Londres es la ciudad por antonomasia. Allí, junto al Támesis que lleva a todos los mares del mundo, se ha inventado mucho de lo que hoy constituye el mundo moderno. La megápolis del comercio, la industria y las comunicaciones ha sido también la cuna de la democracia y el bastión de la misma en los peores momentos para la sociedad abierta. En Londres, los enemigos de nuestra civilización de ciudades nos han atacado a todos y lo han hecho con bombas en las arterias de nuestra cultura de la movilidad, de la comunicación e información, de nuestra libertad.

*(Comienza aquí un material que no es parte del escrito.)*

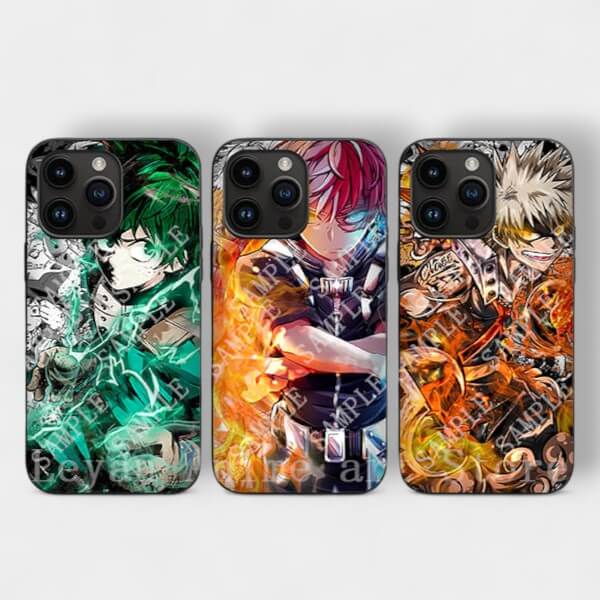 CAPINHA DE IPHONE DO  BOKU NO HERO 3D
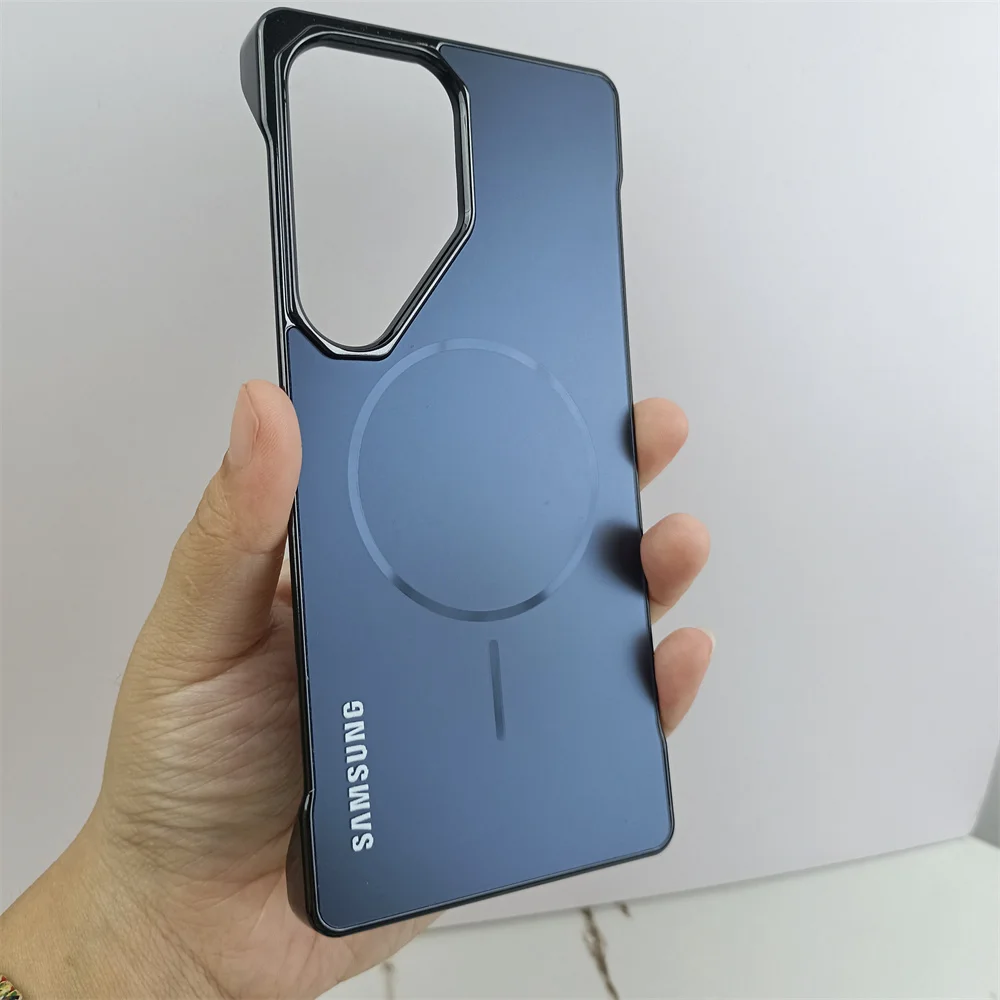 Electroplated Matte Frosted Phone Case with Magsafe Wireless Charging Compatibility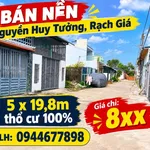 Bán 2 nền liền kề 5x19.8m Rạch Giá, Kiên Giang - Ảnh thu nhỏ 1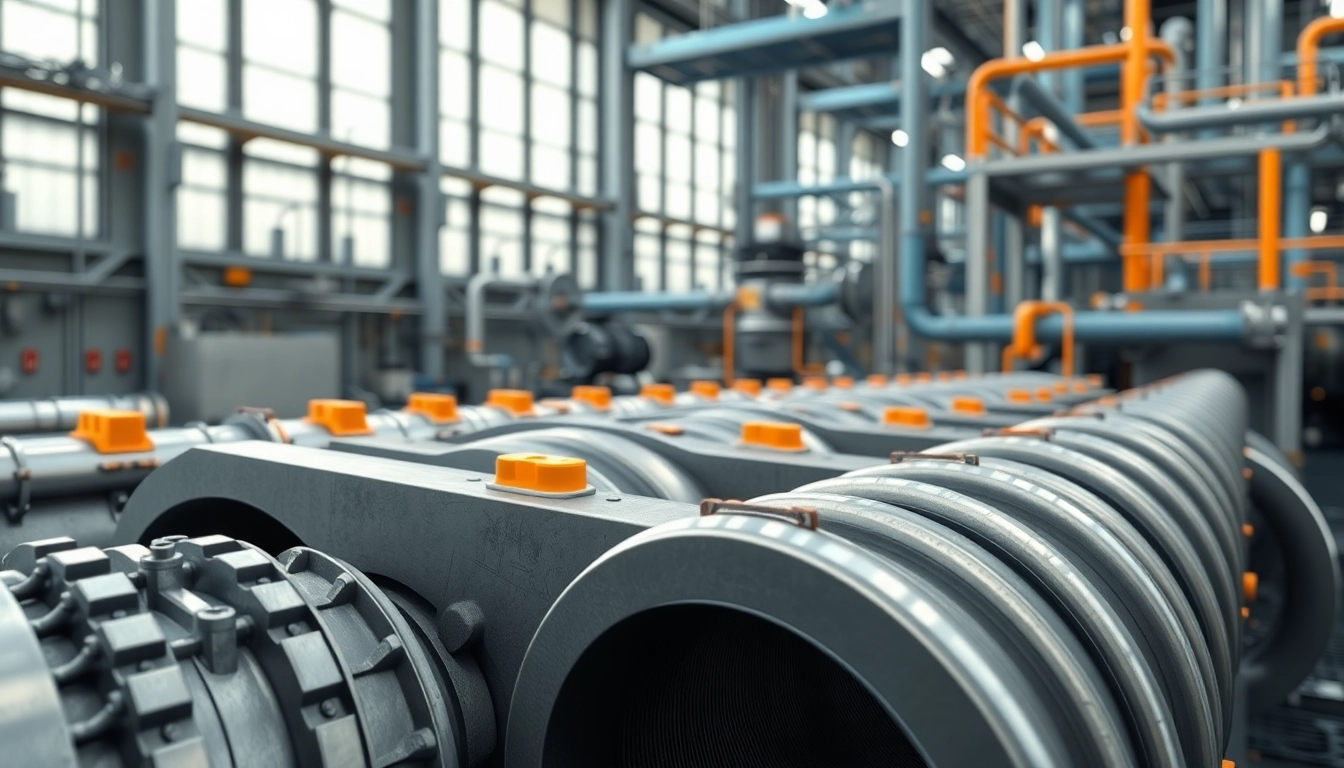 Illustration of Plant 3D spools generation depicting detailed spool models in an industrial setting.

No es en realidad nada distinto, salvo en su carga simbólica, a lo que nuestro enemigo moderno, el terrorismo, lleva haciendo ya años. Ayer, el presidente de Colombia, Álvaro Uribe, de visita en Madrid, otra ciudad castigada por quienes quieren doblegar la voluntad y el desafío ciudadano, tenía toda la razón al considerar uno de sus mayores éxitos el restablecimiento de las comunicaciones entre las ciudades y el regreso a las mismas de sus alcaldes antes huidos ante el terrorismo de las FARC. Si las ciudades pueden defenderse, la democracia siempre estará a salvo por mucho dolor que puedan causar sus enemigos. Por eso los ciudadanos han de defenderse con firmeza tanto de sus enemigos como de quienes les sugieren claudicar con cantos de sirena sobre la paz perpetua e imposibles conciliaciones. Ninguna democracia puede hoy permitirse ninguna paz que no pase por la derrota del terrorismo, su enemigo mortal. Porque hunde su dignidad y libertad y la convierte en rehén, esto sí a perpetuidad, de quienes la quieren destruir con bombas o rendición encubierta.